The conference is governed by program chairs and an organizing committee drawn from universities and industry labs such as ETH Zurich, Technical University of Munich, Seoul National University, Tsinghua University, Peking University, Alibaba Group, and Tencent. Steering committees have included members affiliated with Royal Society, National Academy of Sciences, Academia Europaea, and professional societies including Association for Computing Machinery and Institute of Electrical and Electronics Engineers. Peer review policies reference standards used by Proceedings of the ACM, Nature, Science (journal), and ethical guidelines aligned with bodies such as UNESCO and World Economic Forum. Funding and sponsorship have come from foundations like the Bill & Melinda Gates Foundation, Ford Foundation, MacArthur Foundation, and corporate partners including Amazon Web Services and NVIDIA.
Typical programs include peer-reviewed paper presentations, poster sessions, workshops, tutorials, and panels featuring speakers from The White House, European Parliament, UK Parliament, Canadian House of Commons, and regulatory agencies like Federal Trade Commission, Competition and Markets Authority, and Data Protection Commission. Satellite events have featured collaborations with SIGCHI, SIGKDD, SIGPLAN, and SIGMOD communities. Workshops have been organized by research groups from MIT Media Lab, Stanford HAI, Princeton Center for Information Technology Policy, and Berkeley AI Research (BAIR). The conference also hosts reproducibility tracks and interdisciplinary tutorials involving contributors from Johns Hopkins University, Brown University, University of Pennsylvania, and Northwestern University.

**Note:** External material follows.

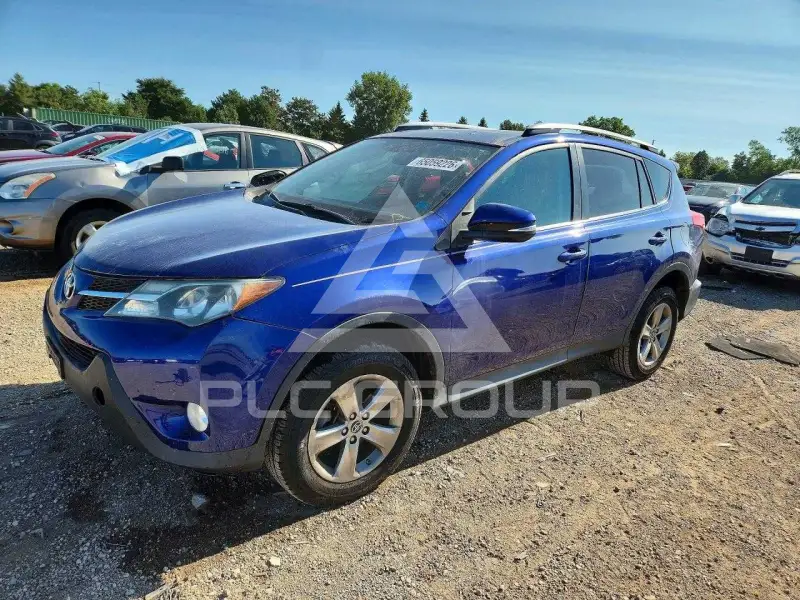 2015 Toyota RAV4 фото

Proceedings are published under the auspices of the Association for Computing Machinery and indexed alongside other conferences such as NeurIPS, ICLR, and EMNLP. Accepted papers have later appeared in journals including Communications of the ACM, Journal of Machine Learning Research, AI & Society, and law reviews at Harvard Law School, Columbia Law School, and Stanford Law School. Artifact evaluation and data-sharing practices have engaged repositories like arXiv, Zenodo, ICPSR, and institutional archives at MIT Libraries and Harvard Dataverse.

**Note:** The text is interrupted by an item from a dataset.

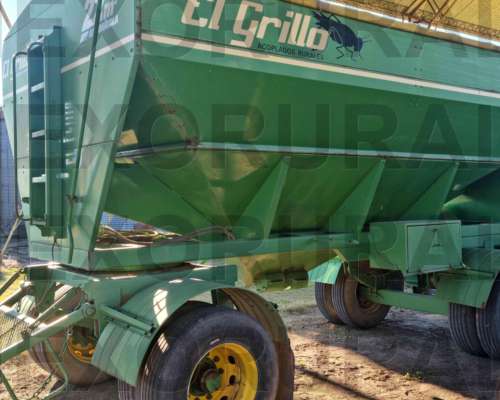 El Grillo de 22 M3 ATF 07 Agricola, Rodado Dual de Camion,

The conference has influenced policy debates involving European Commission Directorate-General for Competition, United States Department of Justice, UK Information Commissioner's Office, and standards discussions at ISO and IEEE Standards Association. Researchers presenting at the conference have received recognition linking to awards from ACM SIGKDD, ACM SIGCHI, IJCAI, AAAI, and fellowships such as MacArthur Fellowship and Rhodes Scholarship held by contributors. Critiques have come from scholars associated with Cato Institute, Heritage Foundation, and commentators in outlets like The New York Times, The Guardian, Wired (magazine), and MIT Technology Review. The conference continues to serve as a nexus connecting academia, industry, civil society, and government institutions including OECD and G7 dialogues on technology policy.